## CS530 Data Mining Homework 4 Solution

#### Question 1 (3 points): The Iris Dataset 

Load the Iris dataset using “datasets.load_iris()” from the Scikit-learn library. You can find the documentation of this dataset on Scikit-learn. Then Write a function that takes in two inputs:
1.	The data part of the Iris set without the labels
2.	k, the number of clusters
The function should implement the k-means algorithm as learned in class. Hence, the output of the function should be a list of cluster labels for each record of the Iris dataset, from 1 to k. 


In [3]:
import numpy as np
import random
from scipy.spatial import distance

In [11]:
unique_labels = [x for x in range(3)]
n = X.shape[0]
centroids = np.empty((len(unique_labels), X.shape[1]))
labels = np.array([random.choice(unique_labels) for i in range(n)])

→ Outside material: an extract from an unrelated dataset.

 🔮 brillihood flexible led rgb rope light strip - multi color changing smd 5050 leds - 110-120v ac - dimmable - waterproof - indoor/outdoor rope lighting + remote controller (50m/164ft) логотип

for i in range(len(unique_labels)):
    centroids[i,:] = np.mean(X[labels == unique_labels[i],:], axis = 0)
centroids

array([[5.6       , 3.025     , 3.3375    , 1.0125    ],
       [5.84897959, 3.09591837, 3.67959184, 1.13061224],
       [6.05849057, 3.0509434 , 4.21132075, 1.43207547]])

In [5]:
from sklearn.datasets import load_iris
iris = load_iris()
X = iris.data

def k_means(X, k=3):
    # You code goes here.
    n = X.shape[0]
    unique_labels = [x for x in range(k)]
    # Randomly assign data to k labels
    labels = np.array([random.choice(unique_labels) for i in range(n)])
    
    # Create a placeholder for centroids
    centroids = np.empty((len(unique_labels), X.shape[1]))
    for i in range(len(unique_labels)):
        centroids[i,:] = np.mean(X[labels==unique_labels[i],:], axis=0)
        
    # Find the records that are closest to the centroid and iterate
    # Iterate 1000 times
    for _ in range(1000):
        distances = []
        # Iterate over the centroids
        for label in unique_labels:
            distances_each_label = []
            for j in range(n):
                # Calculate the distance between the centroid and each record
                dist = distance.euclidean(centroids[label,:], X[j,:])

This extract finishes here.